К лету от телесных и душевных болезней, пережитых мной
зимою, как будто не осталось и следа. Я был спокоен, весел — вполне подстать
веселой, сухой погоде, которая держалась в том году все лето, и тому легкому
настроенью, которое царило во всем нашем доме. Надя уже превратилась — даже для
матери и няньки — только в прекрасное воспоминанье, в представленье о
младенчески-ангельском образе, который пребывает и радуется где-то там, в
вечной небесной обители; мать и нянька еще тосковали, часто говорили о ней, но
уже как-то по иному, чем прежде, — иногда даже с улыбками, — они,
случалось, и плакали, но опять таки не прежними слезами. Что до бабушки, то она
просто забылась; даже более: ее смерть была одной из причин легкого настроенья
нашего дома: во-первых, Батурине принадлежало теперь нам, что очень поправляло
наши дела, а, во-вторых, осенью предстояло наше переселенье туда, которое
втайне тоже всех радовало, как всегда радует человека перемена обстановки,
связанная с надеждой на что-то хорошее или, может быть, просто с
бессознательными воспоминаньями давнего былого, кочевых времен.

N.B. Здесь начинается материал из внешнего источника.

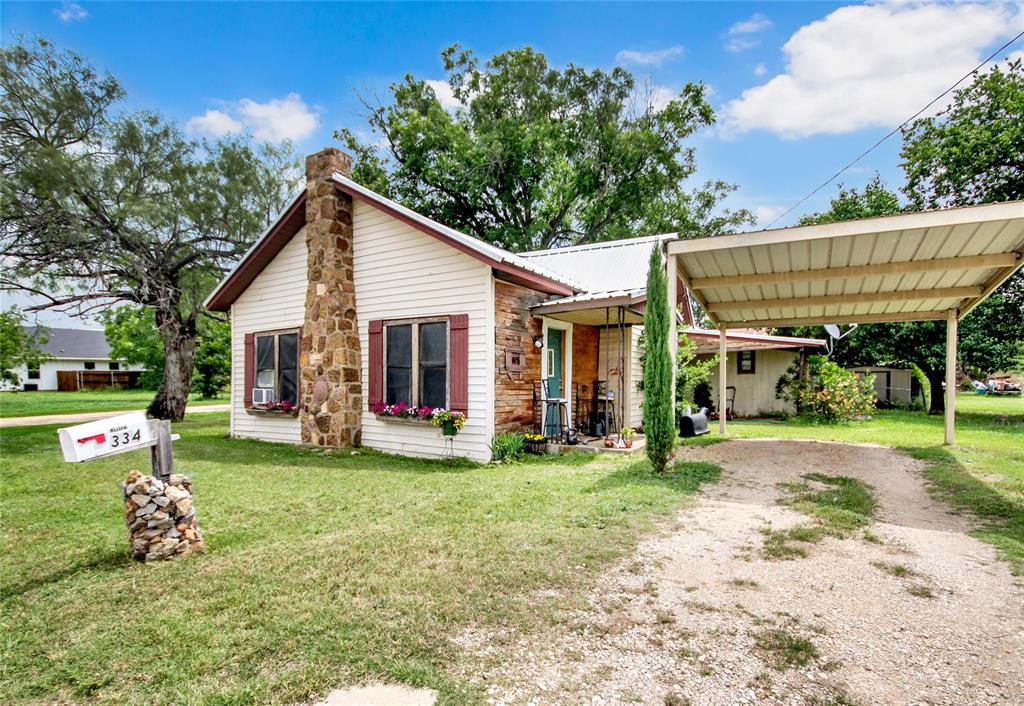 Townsite-Jacksboro - Residential
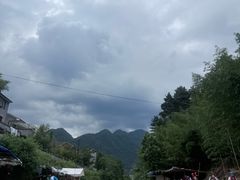 -龙井峡漂流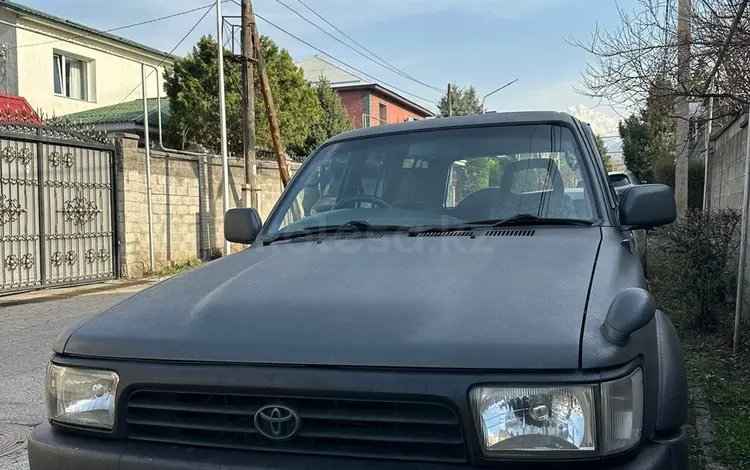 Toyota Hilux Surf 1995 года за 3 500 000 тг. в Алматы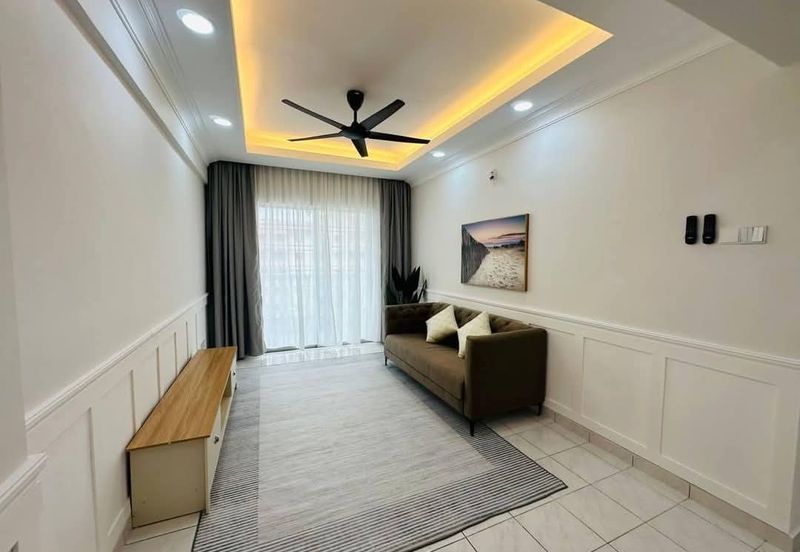 Sri Lavender Apartment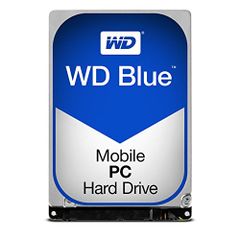  Western 500gb 5400rpm Blue 16mb For Laptop 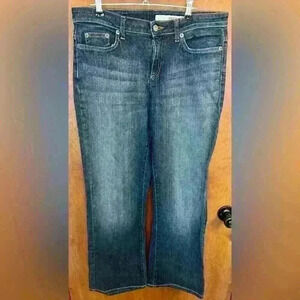 DKNY Women’s flare jeans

По рассказам матери, я живо нарисовал себе картину того, что
было в Батурине, когда мать с отцом так поспешно прискакали туда: майский день,
уютный двор, окруженный старинными службами, старинный дом с деревянными колоннами
на двух крыльцах, темно синие и багряные верхние стекла в окнах зала — и под
ними, на двух сдвинутых столах, устланных под простыней сеном и косяком
упирающихся в главный угол, лежит бледная старушка в белом чепце с зубчиками,
со сложенными на груди прозрачными ручками, у изголовья которой стоит
«черничка», опрятная пожилая отроковица и, не поднимая длинных ресниц,
однообразно читает наставительным, высоким и странным голосом, который отец с
неприязненной усмешкой назвал серафическим… Это слово часто вспоминалось мне, и
я смутно чувствовал то жуткое, чарующее и вместе с тем что-то неприятное, что
заключалось в нем. Неприятна была и вся картина, рисовавшаяся мне. Но уже
только неприятна — не более. И эта неприятность с излишком возмещалась приятной,
хотя и греховной, то и дело приходившей в голову мыслью, что теперь прекрасная
бабушкина усадьба стала наша, что это туда приеду я в первый раз на
каникулы, — уже, Бог даст, второклассником, и отец выберет из бывших
бабушкиных лошадей и подарит мне верховую кобылку, которая так полюбит меня,
что будет прибегать ко мне куда угодно, только я свистну ей.